Given information =
####
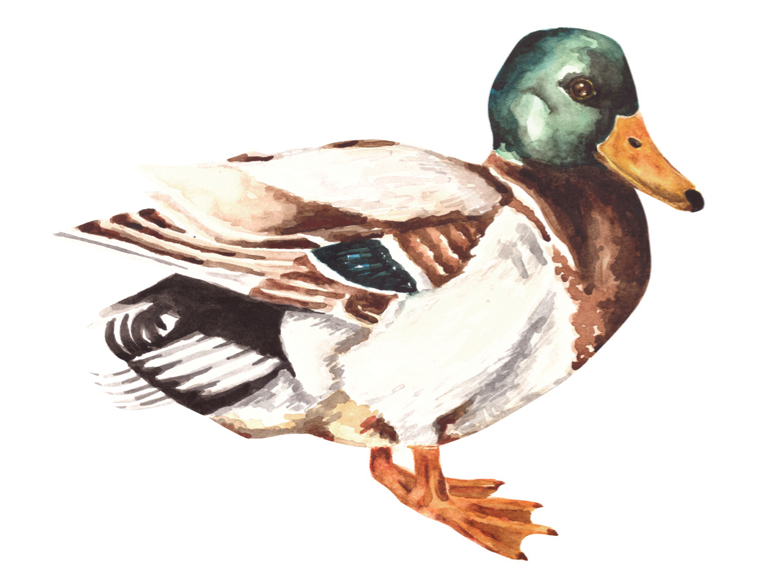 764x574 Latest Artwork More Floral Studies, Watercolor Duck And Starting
####
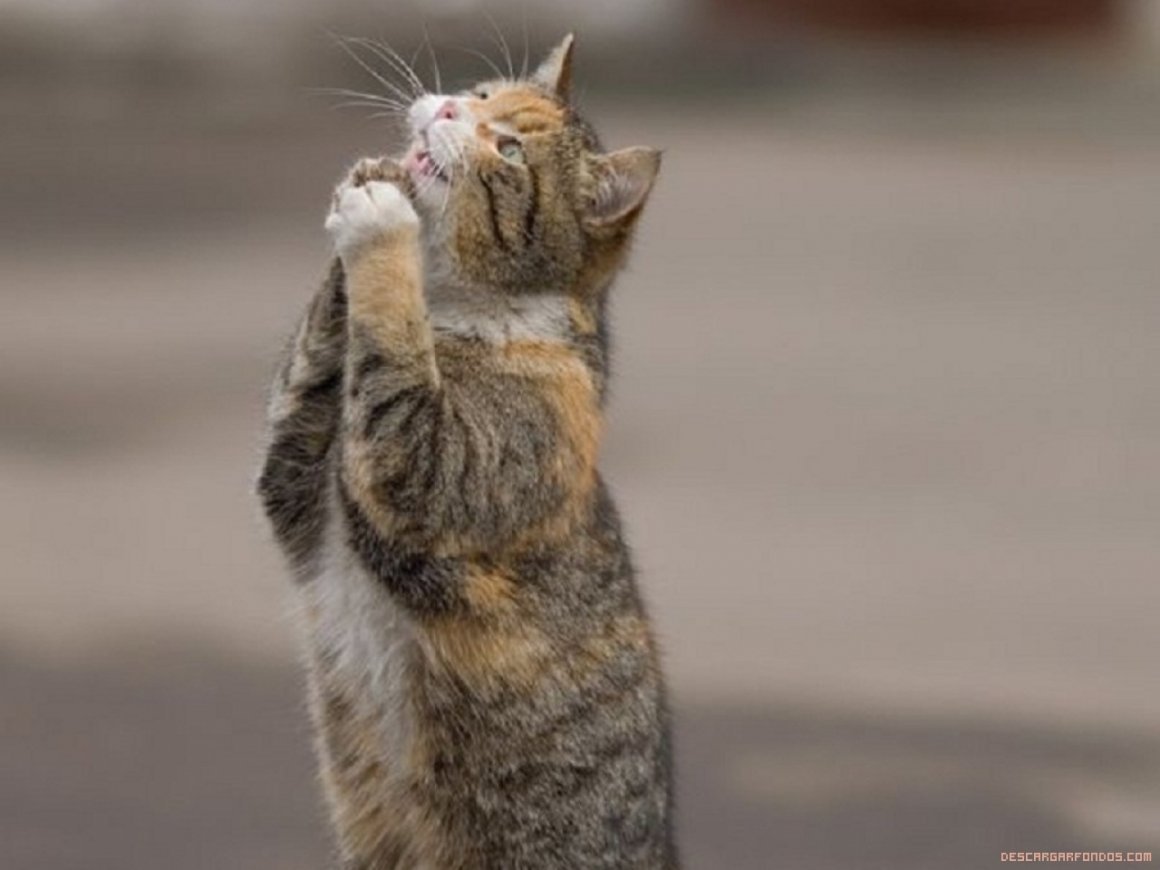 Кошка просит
####
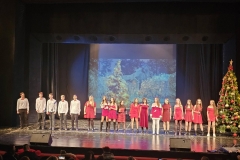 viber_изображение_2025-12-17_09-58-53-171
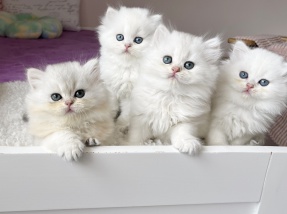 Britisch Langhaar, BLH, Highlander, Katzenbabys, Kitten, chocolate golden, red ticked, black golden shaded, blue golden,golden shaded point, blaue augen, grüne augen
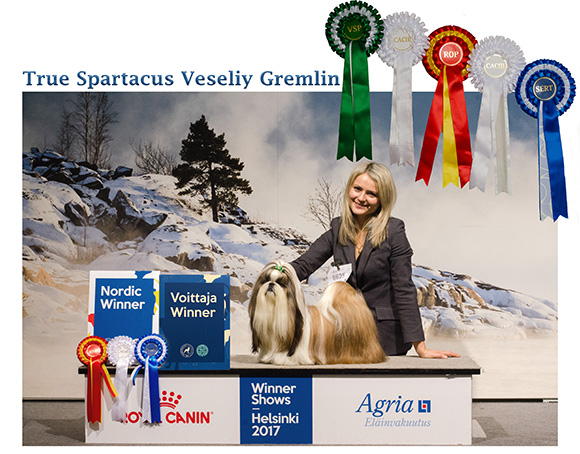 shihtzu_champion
####
Task description = Beginning with the line above that has "augen, grüne augen" and going on through the line that has "shihtzu_champion", retype every line exactly and add nothing else; drop the pictures.

Expected output =
 Britisch Langhaar, BLH, Highlander, Katzenbabys, Kitten, chocolate golden, red ticked, black golden shaded, blue golden,golden shaded point, blaue augen, grüne augen
 shihtzu_champion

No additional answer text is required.